Prosper laughed with bitterness.
“You thought very wrong, but, according to my
own lights, I was very careful of you. I meant
to give you all I could and I meant to win you with
patience and forbearance. I had respect for you
and for your grief and for the horrible thing you
had suffered. Joan, by now you know better what
the world is. Can you reproach me so very bitterly
for our happiness, even if it was short?”
“You lied to me,” said
Joan. “It wasn’t just. We didn’t
start even. And and you knew what
you wanted of me. I never guessed.”
“You didn’t? You never guessed?”
“No. Sometimes, toward
the last, I was afraid. I felt that I ought to
go away. That day I ran off you remember I
was afraid of you. I felt you were bad and that
I was bad too. Then it seemed to me that I’d
been dreadfully ungrateful and unkind. That was
what began to make me give way to my feelings.

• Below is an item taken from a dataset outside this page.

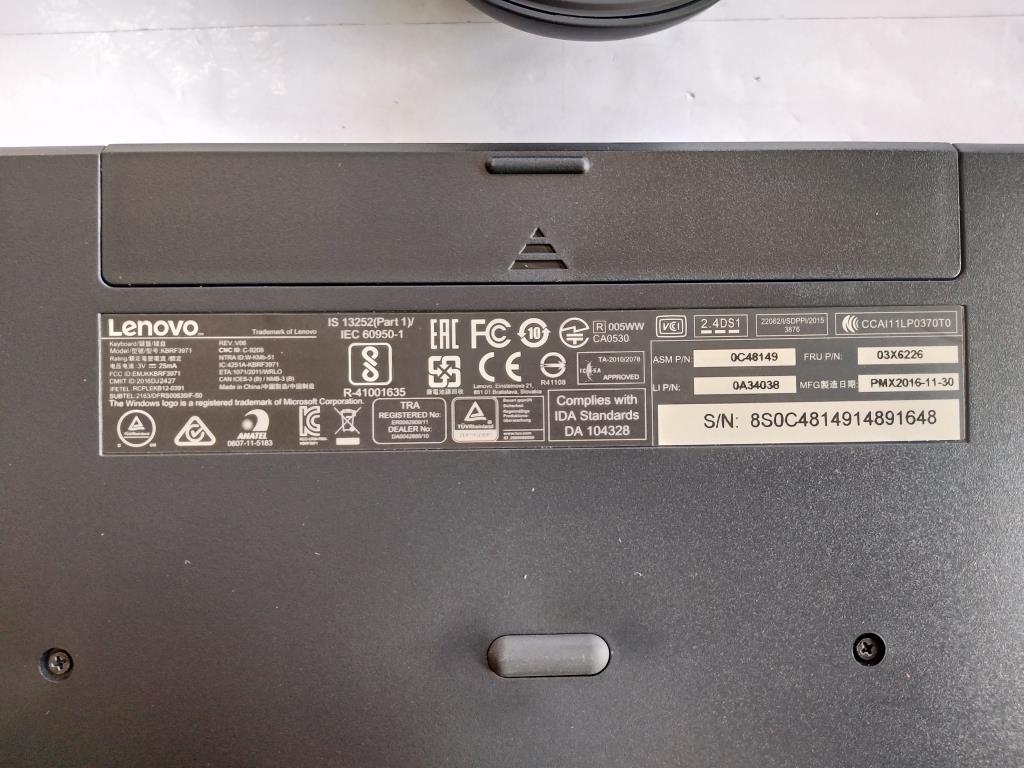 Lenovo Keyboard Mouse,Bg - 03X6226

I was sorrowful because I had hurt you and you so
kind! The day I came in with that suit and spoke
of her as a ‘tall child’ and
you cried, why, I felt so sorrowful that I’d
made you suffer. I wanted to comfort you, to
put my hands on you in comfort, like a mother, I felt.

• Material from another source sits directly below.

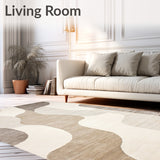 Chic Area with Abstract Waves in Beige and Taupe Tones(Beige)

And you went out like you were angry and stayed away
all night as though you couldn’t bear to be seeing
me again in your house that you had built for her.
So I wrote you my letter and went away. And then it
was all so awful cold and empty. I didn’t
know Pierre was out there. I came back....”

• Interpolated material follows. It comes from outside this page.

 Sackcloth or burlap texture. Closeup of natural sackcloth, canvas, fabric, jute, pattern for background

They were both silent for a long time
and in the silence the idyll was re-lived. Spring
came again with its crest of green along the canyon
and the lake lay like a turquoise drawing the glittering
peak down into its heart.
“My book its success,”
Prosper began at last, “made me restless.
You’ll understand that now that you are an artist
yourself. And one day there came a letter from
that woman I had loved.”
“It was a little square gray
envelope,” said Joan breathlessly. “I
can see it now. You never rightly looked at me
“Ah!” said Prosper. He turned and
hid his face.
“Tell me the rest,” said Joan.
He went on without turning back to
her, his head bent. “The woman wrote that
her husband was dying, that I must come back to her
The snow tapped and the fire crackled.
“And when you went back?”
“Her husband did not die,” said Prosper
blankly; “he is still alive.”
“And you still love her very much?”
“That’s the worst of it,
Joan,” groaned Prosper. His groan changed
into a desperate laugh. “I love you.
Now truly I do love you. If I could marry you if
I could have you for my wife ” He
waited, breathing fast, then came and stood close
before her. “I have never wanted a woman
to be my wife till now. I want you. I want
you to be the mother of my children.”
Then Joan did look at him with all her eyes.
“I am Pierre’s wife,”
she said. The liquid beauty had left her voice.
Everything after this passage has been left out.